**EXERCISE AIM:**
Transcribe the data exactly. Pictures stay out.

**DATASET EXCERPT:**

################

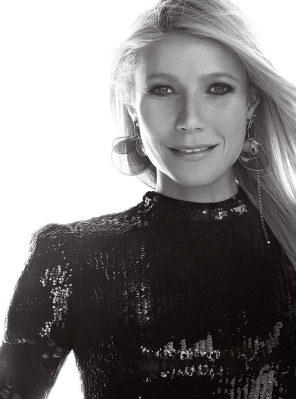 Gwyneth Paltrow pic #785202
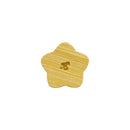 竹箸置-桃（たけはしおき-もも)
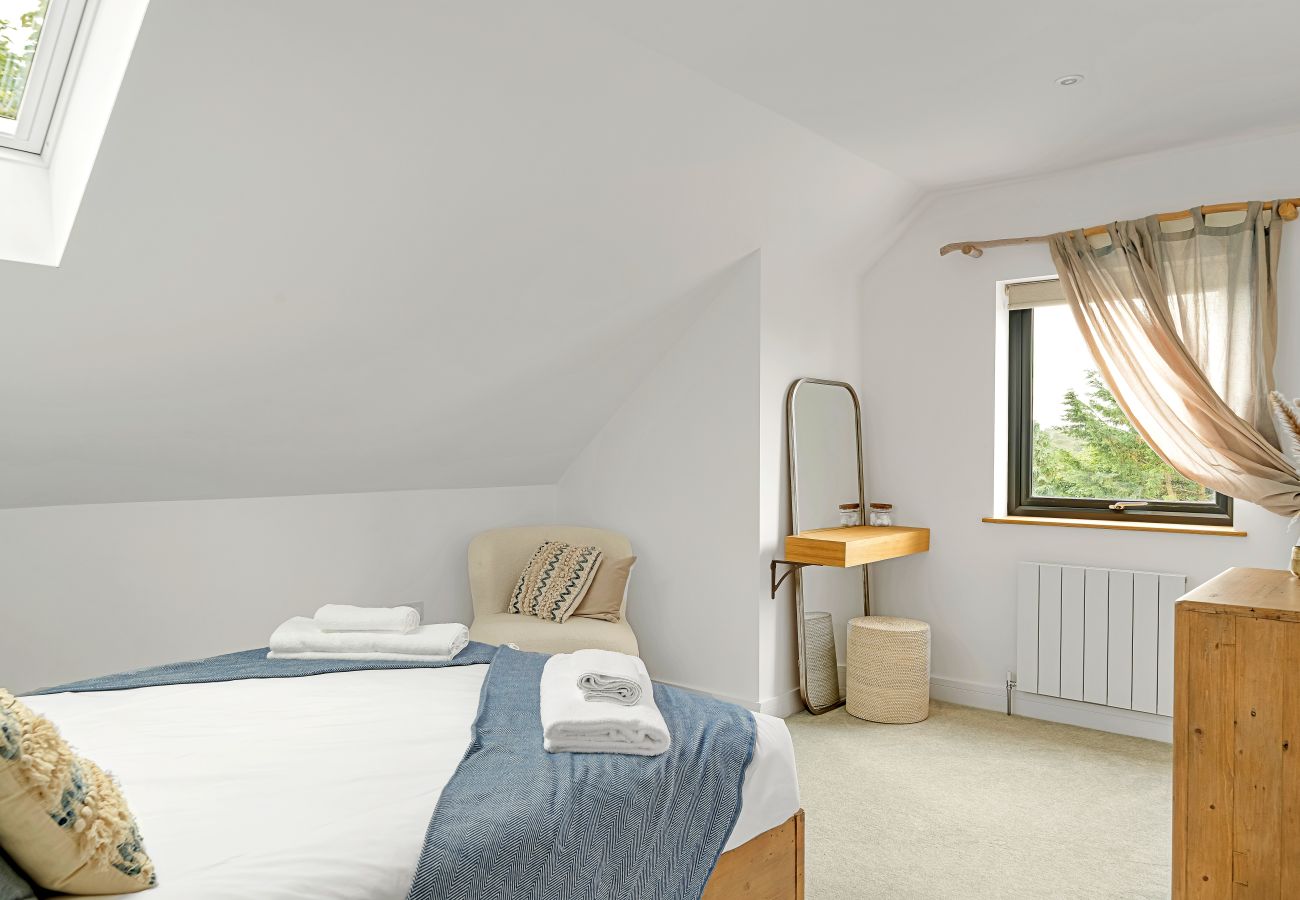 House in Bude - Firethorn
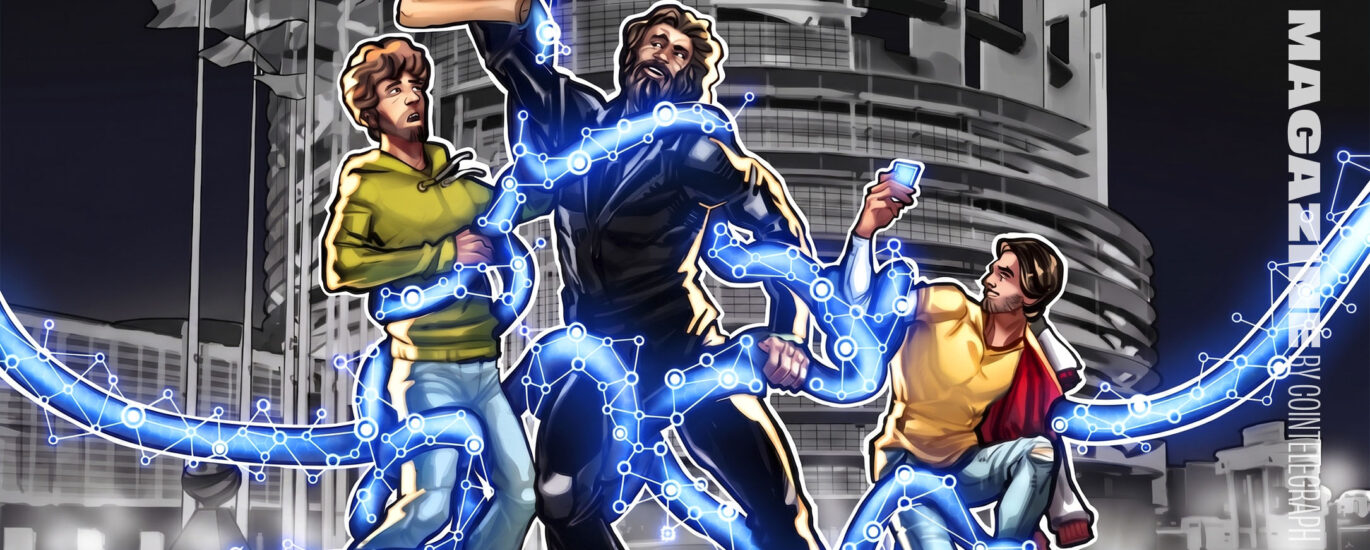 MiCA is coming for DeFi vaults, but regulation will be difficult img1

################

**TASK ANSWER:**
 Gwyneth Paltrow pic #785202
 竹箸置-桃（たけはしおき-もも)
 House in Bude - Firethorn
 MiCA is coming for DeFi vaults, but regulation will be difficult img1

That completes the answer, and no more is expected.